Retrospective implementation of case definitions, particularly where those definitions are based on specific laboratory investigations or the collection of specific exposure or risk factor data, can pose significant problems in terms of the cost and acceptability to reporters and surveillance system operators. It may, however, be possible to categorise data collected through pre-existing surveillance systems against case definitions that have been developed at a later stage, even if it is not possible in the short to medium term to adapt the systems to report according to a particular level of case definition.
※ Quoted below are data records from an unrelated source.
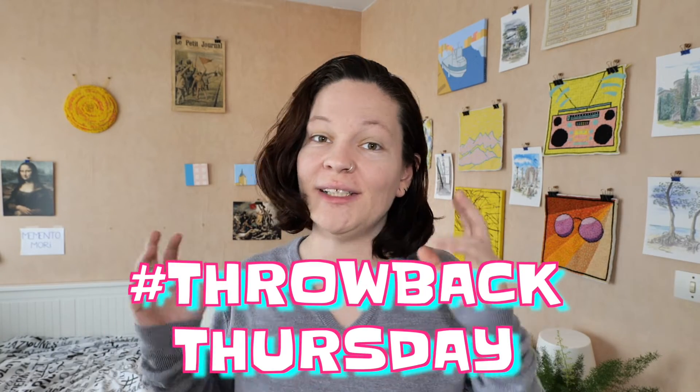Hello and welcome to this new video about Vienna, Austria in 2018.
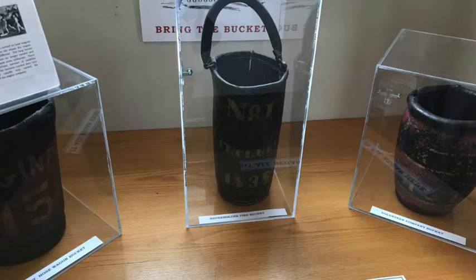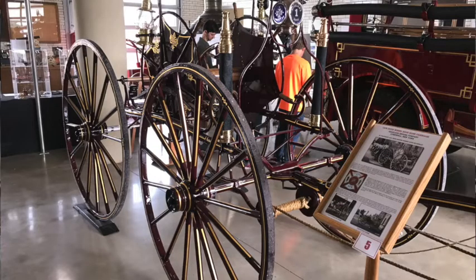Our current exhibit is called 'From the Bucket Brigade to the Big Red Machines.' Basically what we're doing is describing firefighting that began when the city began. Original firefighting started with a bucket — people had a bucket in their homes, and that was the primary means of fire defense. Our exhibit begins with a display of fire buckets, and then we move on to show some of the hand-drawn and horse-drawn fire apparatus, and then moving over to some of the motorized equipment that became quite popular around 1920.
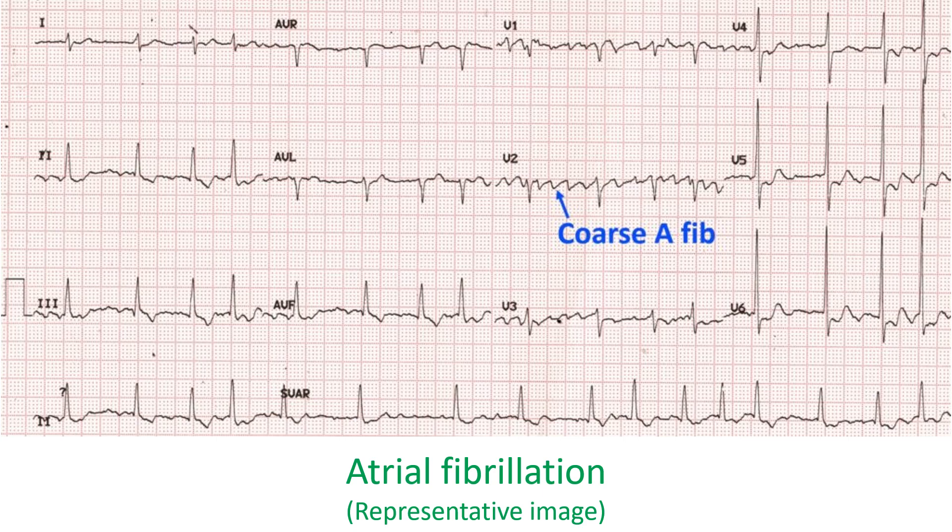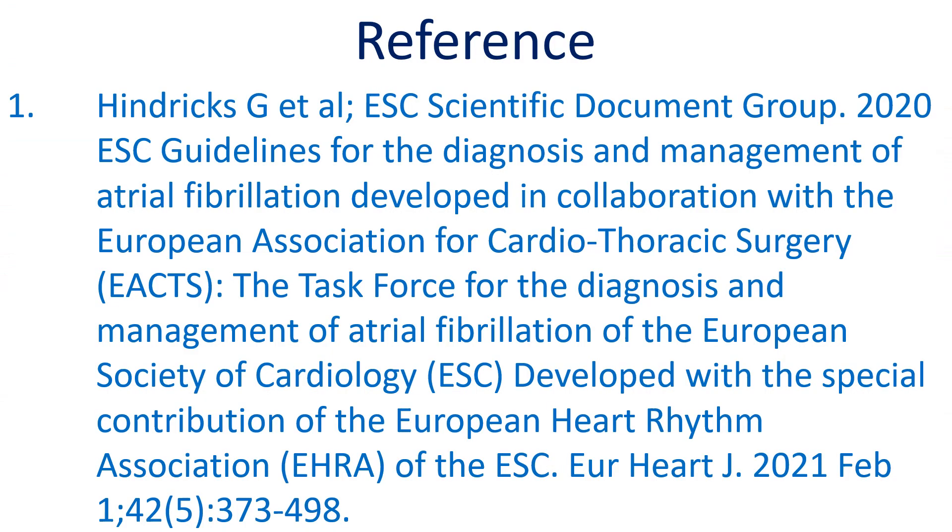Even though persons undergoing elective electrical cardioversion of atrial fibrillation can be sent home after observing for a few hours, they are asked not to drive a vehicle or make important decisions on the same day because of residual sedation. Here is the reference on duration of anticoagulation prior to cardioversion.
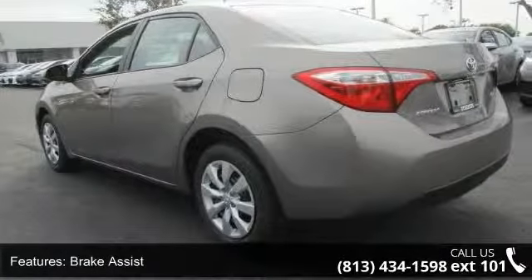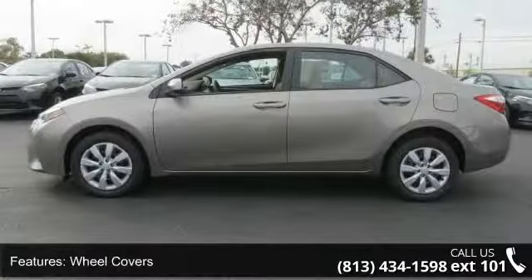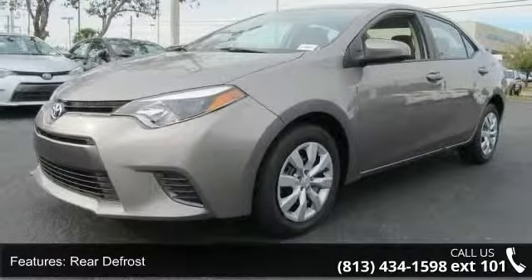Low mileage is an important factor in your purchase and this vehicle delivers a low odometer reading. Let us put you in the driver's seat today. Call or click to schedule a test drive.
Data collected should be relevant and sufficient to meeting surveillance objectives, and should be restricted to only items that are required to meet the objectives of surveillance. Additional, non-essential data items, which are often collected on a 'nice to know' basis rather than because they are justified in terms of meeting explicit objectives, place additional burdens on data providers and on the supporting information systems and, if the data set being reported is person identifying, may breach data protection restrictions.

Anonymised data should be used where there is no need to be able to identify individuals or there is no other reliable method of achieving record linkage between different data sets. In the case of infectious disease surveillance, it is often necessary to collect person identifying information in order to be able to contact cases rapidly in order to undertake follow up and contact tracing and/or outbreak investigations. When person identifying data are used they should be kept secure and disclosed only on a strict 'need to know' basis, and in accordance with Data Protection laws.

Surveillance systems used to capture, analyse, and disseminate information should be operated to agreed standards. The development and adoption of standard operating protocols and case definitions provides a mechanism for ensuring that surveillance systems operate in a consistent and explicit manner over time and place. The scope of operating protocols should include a statement of purpose, case definitions or definitions of hazards and exposures, laboratory investigation protocols (where appropriate), sources of data (e.g. the type of clinical service from which the data are to be captured, and the 'sampling' approach - universal, random or convenience sample, sentinel), the data items to be collected (including level of person identifier required), the outputs, and the roles and responsibilities of those involved in the surveillance process and the custodian or owner of the system. Publication of these protocols helps to make the purpose and governance arrangements for surveillance systems explicit to data providers, data subjects and the recipients of surveillance outputs.

Many of these suggested components of an operating protocol have been covered earlier in this chapter. One component that requires mention is that of guidance on what and when to report. To some extent this guidance can be provided through the publication of case definitions for reporting, but such definitions do not exist for many surveillance systems, particularly those that cover a wide range of infections (such as laboratory reporting schemes that capture data on all organisms identified by reporting laboratories). Even when case definitions do exist, guidance may be required as to whether cases should only be reported when they meet certain criteria (e.g. those for a confirmed case) or when all exposure and risk factor data are available, or whether preliminary reporting should be made on the basis of suspected case identification and/or when only partial exposure or risk factor data are available (in which case, clear mechanisms need to be defined for how more detailed information should be reported at a later date). Protocols should also cover the issue of how frequently data should be reported, and through what mechanism, and, where electronic reporting systems are used, what form and structure the data should be reported in.

Surveillance systems should also be subject to regular audit against their objectives and periodic evaluation.